━━ Material provided ━━

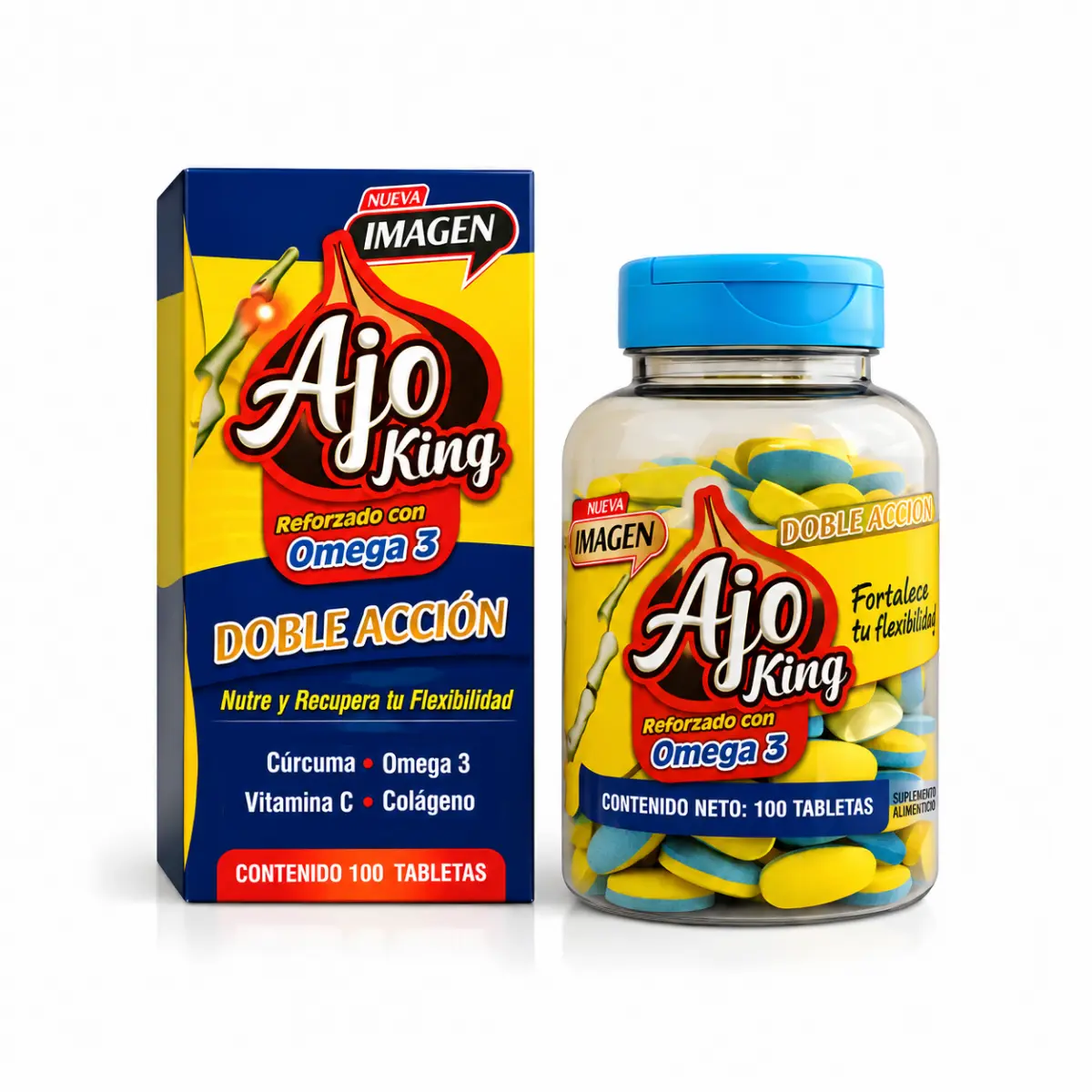Ajo King - 100 CAPS Dietary Supplement with Collagen and Vitamin C glucosamina condroitina colageno vitamina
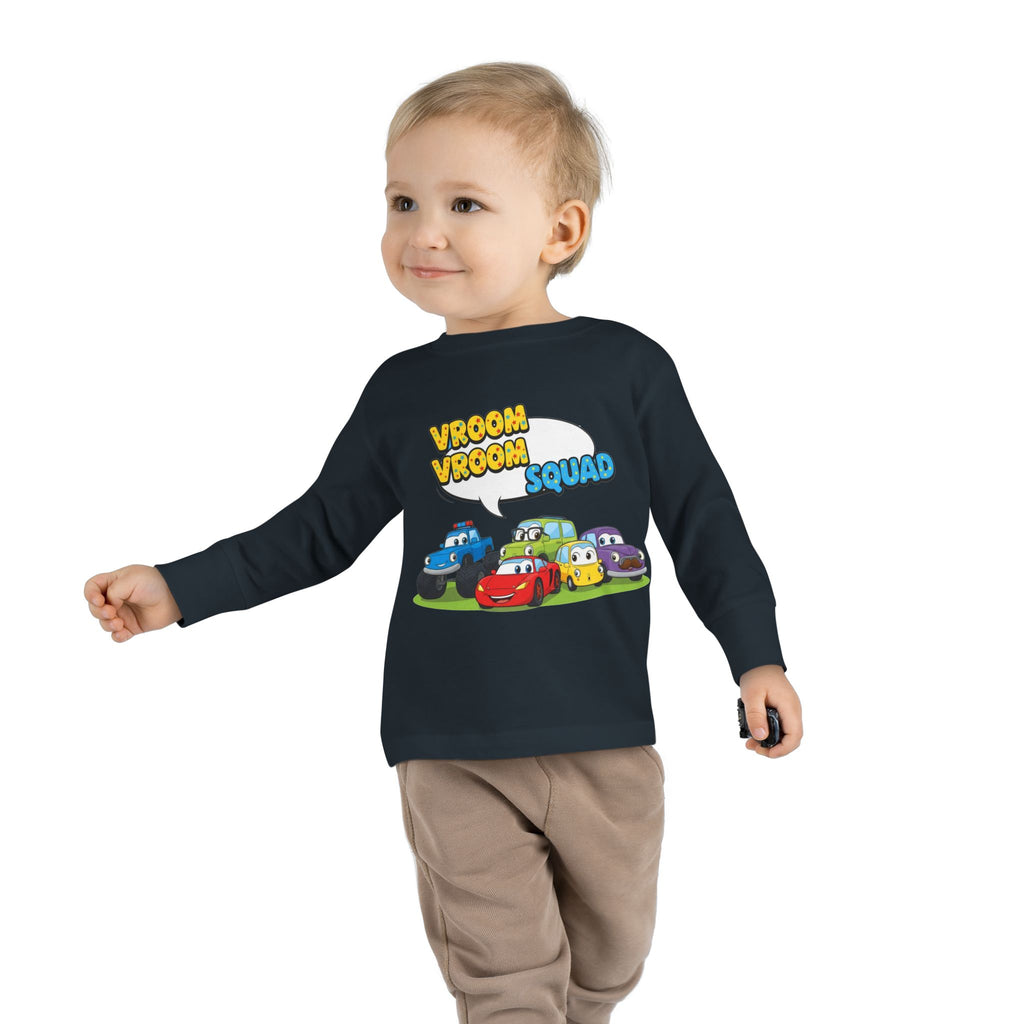 Toddler Long Sleeve Tee - Vroom Vroom Squad, Kids Car Shirt, Birthday Gift, Toddler Apparel, Fun Playwear, Car Enthusiast Clothing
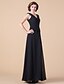 cheap Mother of the Bride Dresses-Sheath / Column V Neck Floor Length Chiffon Mother of the Bride Dress 617 Draping Lace Criss Cross by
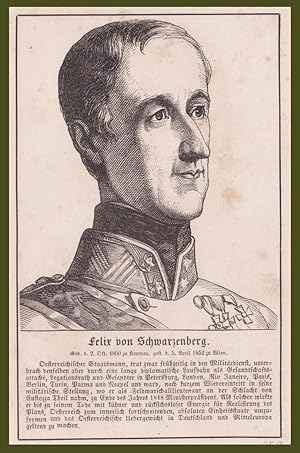 Felix von Schwarzenberg Böhmisch Krumau Principe politico Incisione 1857 Wigand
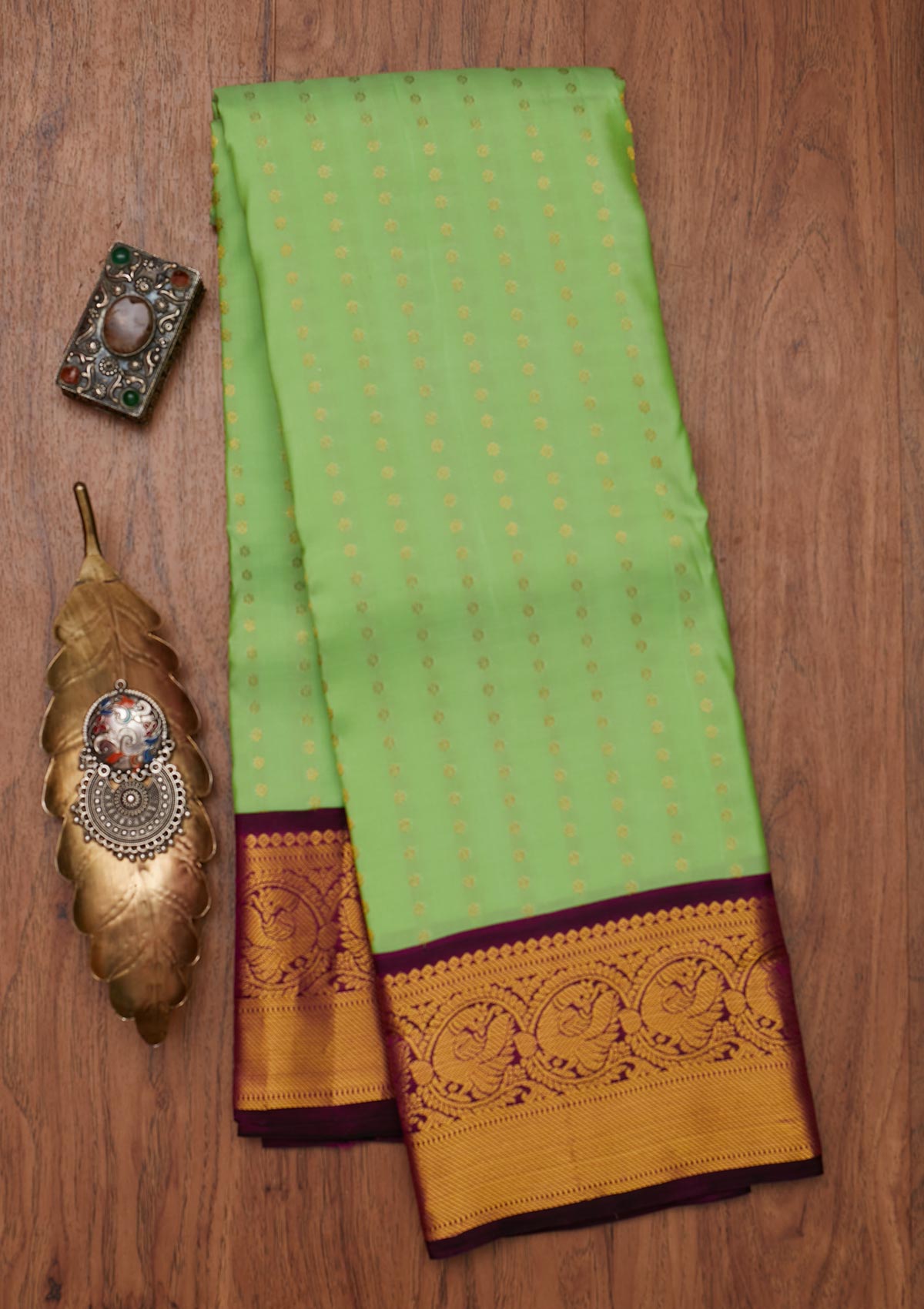 Pista Green Zariwork Pure Silk Designer Unstitched Saree - Koskii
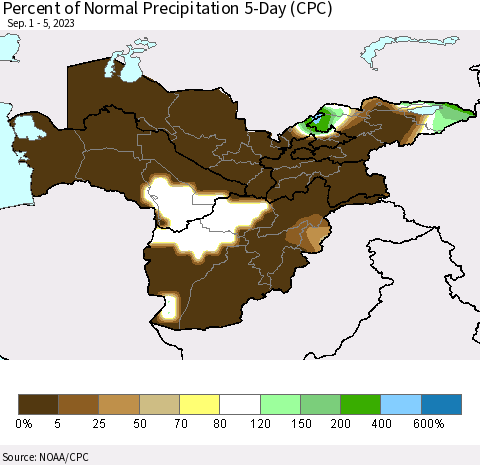 Central Asia Percent of Normal Precipitation 5-Day (CPC) Thematic Map For 9/1/2023 - 9/5/2023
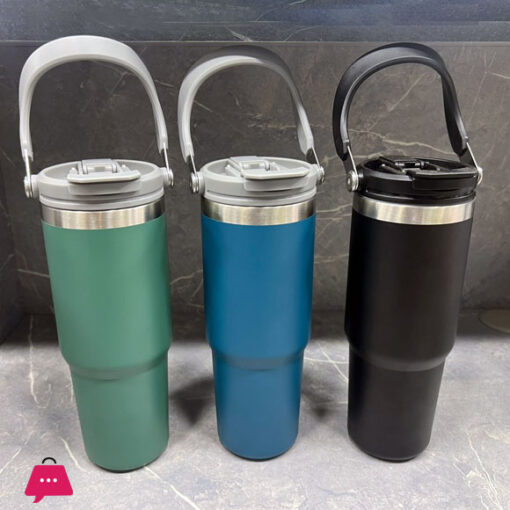 Plan Stainless Steel Travel Mug Water Bottle Double Wall Vacuum Flask Thermal Tumbler - 900ML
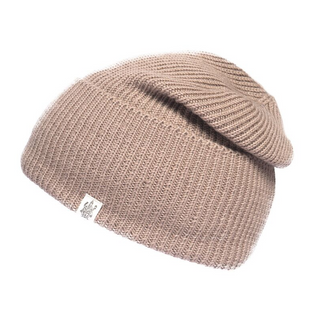 A Troubadour Rib Fold Beanie in beige on a white background.
Product Name: Troubadour Rib Fold Beanie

━━━

* **Exercise**:
Repeat every record above exactly, but leave out any pictures.

* **Result below**:
Ajo King - 100 CAPS Dietary Supplement with Collagen and Vitamin C glucosamina condroitina colageno vitamina
 Toddler Long Sleeve Tee - Vroom Vroom Squad, Kids Car Shirt, Birthday Gift, Toddler Apparel, Fun Playwear, Car Enthusiast Clothing
 cheap Mother of the Bride Dresses-Sheath / Column V Neck Floor Length Chiffon Mother of the Bride Dress 617 Draping Lace Criss Cross by
 Felix von Schwarzenberg Böhmisch Krumau Principe politico Incisione 1857 Wigand
 Pista Green Zariwork Pure Silk Designer Unstitched Saree - Koskii
 Central Asia Percent of Normal Precipitation 5-Day (CPC) Thematic Map For 9/1/2023 - 9/5/2023
 Plan Stainless Steel Travel Mug Water Bottle Double Wall Vacuum Flask Thermal Tumbler - 900ML
 A Troubadour Rib Fold Beanie in beige on a white background.
Product Name: Troubadour Rib Fold Beanie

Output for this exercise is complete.